En deuxième mi-temps, ça ressemble un peu plus à un match de foot. Nancy part fort avec quelques centres, et surtout un Cétout complètement transfiguré par on ne sait trop quel discours que Correa a bien pu lui tenir à la pause, qui ne craint plus de perdre ses testicules s’il franchit la ligne médiane. Cela lui permet donc de soutenir Dalé devant, mais pas de pot : Créteil défend plutôt bien de ce côté.

En ce qui concerne l’attaque, en revanche, les mecs n’ont pas beaucoup d’arguments, à part d’envoyer un truc appelé Frédéric Piquionne, qui ressemble beaucoup à l’original, mais dont on ne peut douter un seul instant qu’il s’agit d’un androïde mal branlé envoyé par les sbires fourbes de Thiriez ou autre chantre mal intentionné de la ligue pour nous faire peur.

Après avoir essayé plein de couleurs de maillot partout autour du monde, ses ascendants communistes ont poussé Fred à revêtir un bleu à Créteil.

 

Ça ne marche pas, vu qu’il n’a plus rien dans le sac, et 10 minutes plus tard, c’est au tour de Pablo de lancer un joker. Coulibaly entre pour Grange, et il n’a rien d’une arme fatale, lui non plus…pourtant c’est l’impression qu’il donne, puisqu’il marque au bout de quinze secondes sur le pré environ. Joie dans mon cœur, on est bien parti pour prendre trois points mérités contre une équipe qu’on imagine mieux se battre contre le Red Star en Natianal lors de derbys à couteaux tirés. Ah, un certain Porthos proteste, malgré un patronyme à la consonance plus en adéquation avec nos adversaires du jour.

On ne recule même pas, alors que de manière désordonnée, les Créteillains se ruent à l’assaut de nos 16 mètres 50 en faisant plein de détours par les lignes de touche. Forcément, les voyants sont au vert, puisque on est encore une fois ou deux dangereux en contre. Mais par la force des choses, personne n’a réellement dans l’idée de tenter de faire le break…

Et alors qu’on joue les arrêts de jeu, l’arbitre décide qu’il en est assez de laisser Sami dominer ainsi sans vergogne ses adversaires au physique : après un duel gagné à l’épaule coin gauche, Papa Défense est sanctionné d’un coup franc absurde sur lequel on s’empresse d’encaisser un pion, comme un symbole de club qui se trouve pas si mal à la huitième place, finalement. Putain. Heureusement que pendant ce temps là, feignant la blessure, Hadji était en train de se taper toutes les sœurs des joueurs en une seule fois sur le parking visiteurs, ça nous a égayé la soirée.

 

 

LES NOTES

Nardi : 2/5 Une sortie de la peur en première, un but encaissé sans raison en toute fin de match, mais quelques bons arrêts le reste du temps. J’ai peur que ça ne suffise pas à nous le ramener dans les cages de manière durable.

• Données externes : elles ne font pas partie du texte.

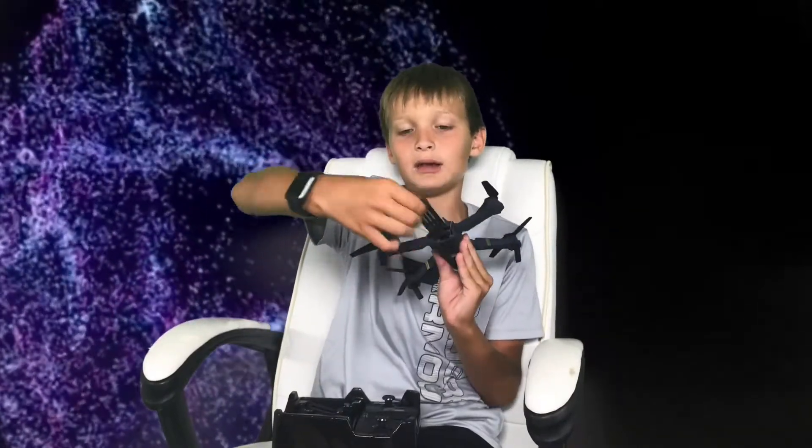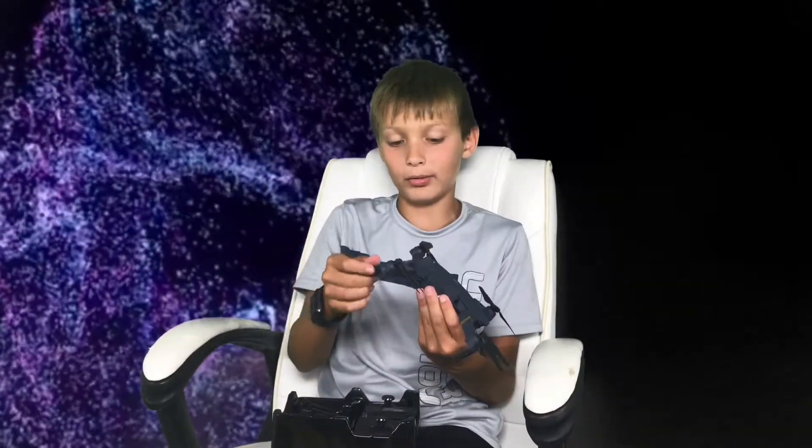This is a fake battery cover — the battery goes in right here and is way smaller than it looks. It lasts about 10 minutes depending on how well you calibrate it. This one came with one battery, but usually it should come with two. I have two because I kept the one from my old unit.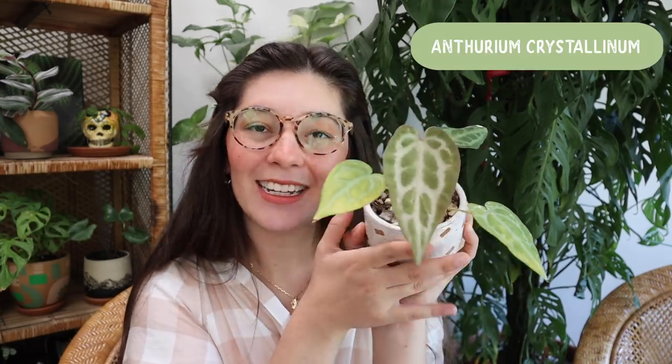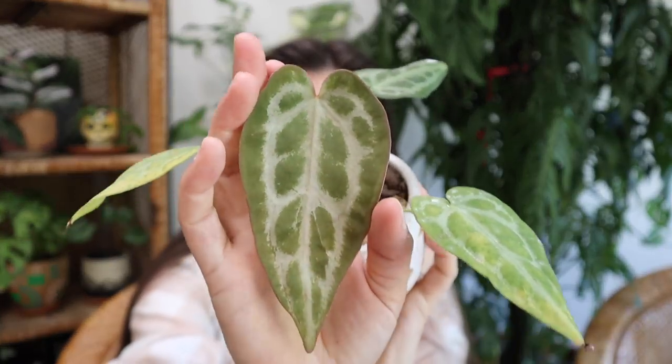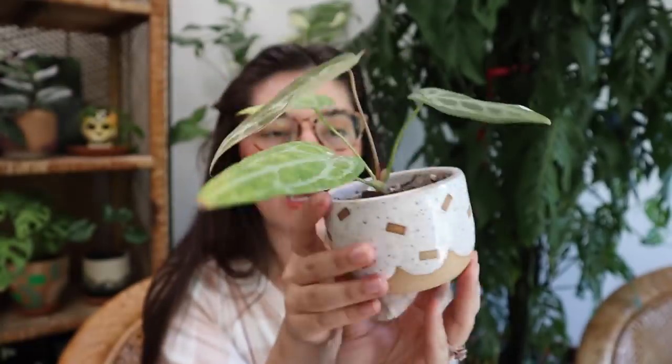The first plant I want to show you is my little anthurium crystallinum. This is particularly exciting because this plant was just surviving, doing the bare minimum for a very long time. This is the newest leaf — check her out, it is absolutely beautiful. I've seen crystallinums have a lot of different variations: some have a whiter leaf, some have a skinnier leaf like mine. If you know anything about that, feel free to share your knowledge in the comments. It's sitting in a pot from Annie's Pottery.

Cétout : 3/5 Un update salvateur lui a enseigné les vertus de la montée dans le camp d’en face à la mi-temps. Faudra appuyer sur F5 dès avant le match, la prochaine fois.

Sami : 3/5 C’était pas sa guerre. Papa défense a encore une fois été propre, et y a jamais faute sur l’autre pédale à la 92è.

Lenglet : 3,5/5 Facile en défense, il a tout le temps de tenter de lancer le jeu depuis sa ligne, grâce à un jeu long pas dégueu.

Muratori : 2/5 Reprise balbutiante pour Vincent, qui s’est en revanche bien remis en jeu au challenge Cyril Rool, en prenant son jaune en seconde période.

Amadou : 2/5 Joue au foot comme il respire : par intermittence, et seulement avec l’aide de son copain Walter.

Walter : 3/5 Joue au foot et respire pour deux. Par ailleurs, il n’a pas le temps de se retourner pour transmettre la balle vers l’avant. Ça viendrait pourtant bien avec un footballeur à ses côtés.

Grange : 3/5 Au four et au moulin, le Grange (lol). À force de cavaler comme un forcené, il a un peu disparu en début de seconde période, si bien qu’il est venu prendre la place de Dalé à droite quand il a vu que le jeu se passait là-bas. Son remplacement est finalement logique, tant il était cramé. Remplacé par Coulibaly (77è).

Dalé : 2/5 Junior était loin d’être le terrible (re-lol) sur ce match. À la recherche du Youssouf perdu pendant tout le match, il n’a pas saisi que son remplaçant lui demandait la balle dans les pieds. Forcément, d’habitude c’est dans la course, mais là c’était plus dur. Surtout quand tu te fais bouffer dans les duels…

Iglesias : 3/5 Qu’est-ce qu’il court…les rares fois où il a touché le ballon, on a pu observer qu’il savait vaguement s’en servir, aussi.

Dembélé : 2/5 Pour son retour, Malade Embéné a manqué de précision, de justesse, de vitesse…de talent ? Il est quand même responsable sur le but, et même du fond de ma frustration, je ne peux pas lui reprocher de compenser sa nullité par une volonté de bien faire.

REMPLAÇANTS

Coulibaly : 3/5 Le mec entre et plante, avec un peu de chatte. Pour une fois, cela ne ressemble pas à du foutage de gueule de la part de Pablo. On doit se réjouir ?

 

Note artistique : 2/5

Ben oui, c’était pauvre, quand même. La première mi-temps était vraiment digne d’un niveau Natianal (même si les responsables sont plutôt à aller chercher en face, à mon avis), et pourtant il y avait la place de provoquer un peu plus.

Les mecs en bleu ont tout tenté pour jouer le nul, renforçant du même coup leur putain de statut de club sans objectif qui fausse le classement. Nul jamais mérité pour autant vu que l’arbitre a offert une occasion sur un plateau aux locaux, mais la victoire n’est pas plus méritée pour nos joueurs s’ils oublient de défendre jusqu’à la dernière minute…voilà, c’était l’instant « je m’auto-annule, vu que je ne crois pas en la méritocratie ».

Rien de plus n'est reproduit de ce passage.